For these reasons, we have chosen to implement a native client within the FUSE daemon. This client offers an interface that supports asynchronous zero-copy I/O operations. File meta operations are still handled by FUSE daemon (e.g. open/close/stat files). Applications call open() to obtain a file descriptor (fd) and register it via native API. They can then perform I/O operations on the file with native client. This approach ensures consistency in metadata operations with the POSIX API, making it easier to migrate existing code.

The asynchronous, zero-copy API is inspired by Linux io_uring. Below are the key data structures in the API:

Iov A large memory region for zero-copy read/write operations, shared between the user process and the native client. InfiniBand memory registration is managed by the client. In native API, all read data will be read into Iov, and all write data should be written to Iov before calling the API.
Ior A small shared ring buffer for communication between user process and native client. The usage of Ior is similar to Linux io_uring, where the user process enqueues read/write requests, and the native client dequeues these requests for completion. The requests are executed in batches, with their sizes controlled by the io_depth parameter. Multiple batches are processed in parallel, whether from different rings or the same ring. However, multiple rings are still recommended for multi-threaded applications, as sharing a ring requires synchronization, which can impact performance.

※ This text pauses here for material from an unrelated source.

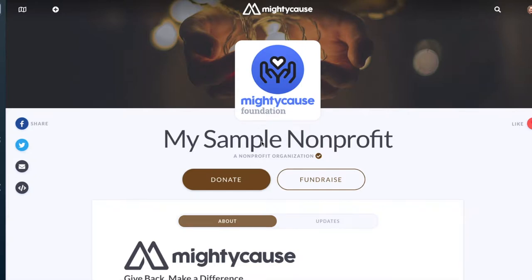In this video, we're walking through adding a description or an About section to your Mighty Cause page. First, you'll want to log into your Mighty Cause account and navigate to your nonprofit's profile.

Within the native client, multiple threads are spawned to fetch I/O requests from the Iors. These requests are batched and dispatched to storage services, reducing RPC overhead caused by small read requests.

File metadata store

Location of file chunks

3FS divides file data into equally sized chunks and stripes them across multiple replication chains (replication chains and chain tables are defined in Section Data placement). Users can specify the chain table, chunk size, and stripe size for files on a per-directory basis. Each chunk is independently stored on multiple storage services, with its chunk ID generated by concatenating the file’s inode id and chunk index.

When creating a new file, the metadata service employs a round-robin strategy to select consecutive replication chains from the designated chain table, based on the stripe size. Next, a random seed is generated to shuffle the selected chains. This allocation strategy ensures balanced data distribution across chains and SSDs.

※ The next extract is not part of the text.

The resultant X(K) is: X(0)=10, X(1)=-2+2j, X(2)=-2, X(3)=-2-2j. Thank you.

When an application opens a file, the client contacts the meta service to obtain the file’s data layout information. Then the client can independently compute chunk IDs and chains for data operations, minimizing the involvement of the meta service in the critical path.

File metadata on transactional key-value store

3FS uses FoundationDB as its distributed storage system for metadata. FoundationDB provides a key-value store interface and supports transactions with Serializable Snapshot Isolation (SSI). 3FS stores all metadata as key-value pairs in FoundationDB. Meta services follow a stateless architecture, greatly enhancing maintainability by allowing administrators to seamlessly upgrade or restart services without disruption. When clients experience request failures or timeouts, they can automatically fail over to other available services.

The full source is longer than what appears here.